The query engine recognizes the module is stored in the local database instance and tries to load it from there.

If the XQuery module is part of a Java application, it is also an option to pack the module into a Java archive (.jar file) along with the Java classes. Then use the following import to load it:

import module namespace status="http://exist-db.org/xquery/admin-interface/status" at "resource:org/exist/xquery/lib/test.xqm";

Finally, XQuery modules can also be implemented in Java (see below).You can import them by specifying the class path of the Module class:

import module namespace xdiff="http://exist-db.org/xquery/xmldiff" at "java:org.exist.xquery.modules.xmldiff.XmlDiffModule";

The extensions/modules directory in the eXist-db distribution contains a number of useful modules. These can also serve as examples for implementing your own.

Using Relative URIs

If the location specified in an import statement is a relative URI, the query engine tries to load the module relatively to the current module load path. The module load path is determined as follows:

  1. If the main XQuery was loaded from a database collection, the module load path is the URI of that collection. For example if you access an XQuery via the REST server:

    http://localhost:8080/exist/servlet/db/modules/test.xq

    Now all relative module paths will be resolved relative to the /db/modules collection.

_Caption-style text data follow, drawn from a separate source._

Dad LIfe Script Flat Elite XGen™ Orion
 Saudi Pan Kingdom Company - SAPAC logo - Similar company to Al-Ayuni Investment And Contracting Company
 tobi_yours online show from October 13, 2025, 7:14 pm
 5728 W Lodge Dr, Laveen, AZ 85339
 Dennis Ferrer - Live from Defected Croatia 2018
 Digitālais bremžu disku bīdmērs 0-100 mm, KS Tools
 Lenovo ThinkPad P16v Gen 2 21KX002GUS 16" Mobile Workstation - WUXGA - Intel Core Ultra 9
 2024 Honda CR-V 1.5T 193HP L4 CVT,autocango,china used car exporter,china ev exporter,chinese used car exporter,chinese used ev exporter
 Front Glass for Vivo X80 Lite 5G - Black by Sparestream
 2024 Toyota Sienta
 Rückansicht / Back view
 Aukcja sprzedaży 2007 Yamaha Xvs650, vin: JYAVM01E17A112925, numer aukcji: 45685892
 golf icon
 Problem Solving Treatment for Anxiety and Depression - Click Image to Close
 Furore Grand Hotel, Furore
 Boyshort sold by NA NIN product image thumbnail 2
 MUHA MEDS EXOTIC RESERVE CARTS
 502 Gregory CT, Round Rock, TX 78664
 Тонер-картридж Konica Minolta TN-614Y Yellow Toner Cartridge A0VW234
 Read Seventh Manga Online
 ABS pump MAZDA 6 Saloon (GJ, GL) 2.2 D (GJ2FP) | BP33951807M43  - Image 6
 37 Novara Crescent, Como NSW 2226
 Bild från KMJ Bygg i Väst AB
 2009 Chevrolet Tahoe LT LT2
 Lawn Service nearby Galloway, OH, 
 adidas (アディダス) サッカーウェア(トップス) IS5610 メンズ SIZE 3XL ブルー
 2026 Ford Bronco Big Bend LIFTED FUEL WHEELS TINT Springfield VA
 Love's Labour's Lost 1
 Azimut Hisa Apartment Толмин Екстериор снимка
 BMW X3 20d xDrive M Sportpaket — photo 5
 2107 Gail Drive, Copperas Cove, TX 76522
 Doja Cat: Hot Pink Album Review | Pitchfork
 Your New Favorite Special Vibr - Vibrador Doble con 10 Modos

  2. If the main XQuery was retrieved from the file system, the module load path points to that directory. This applies to queries executed through the XQueryServlet, XQueryGenerator or the Java admin client.

Preloaded Modules

Preloaded modules do not need to be explicitly imported or declared in the prolog of queries. The <builtin-modules> element in conf.xml lists the namespaces and the corresponding Java class that implements all modules to be preloaded:

<xquery enable-java-binding="no"> <builtin-modules> <module uri="http://exist-db.org/xquery/util" class="org.exist.xquery.functions.util.UtilModule"/> <module uri="http://exist-db.org/xquery/transform" class="org.exist.xquery.functions.transform.TransformModule"/> </builtin-modules> </xquery>

EXPath Packages

The eXist-db package repository makes it easy to manage and deploy external packages (.xar archives) containing Java or XQuery libraries and even full eXist-db applications. See the Package Repository documentation.

XQuery Caching

XQuery modules executed via the REST interface, the XQueryServlet or XQueryGenerator are automatically cached. The compiled expression will be added to an internal pool of prepared queries. The next time a query or module is loaded from the same location, the already compiled code is reused. The code will only be recompiled if eXist-db decides that the source was modified or when it wasn't used for a longer period of time.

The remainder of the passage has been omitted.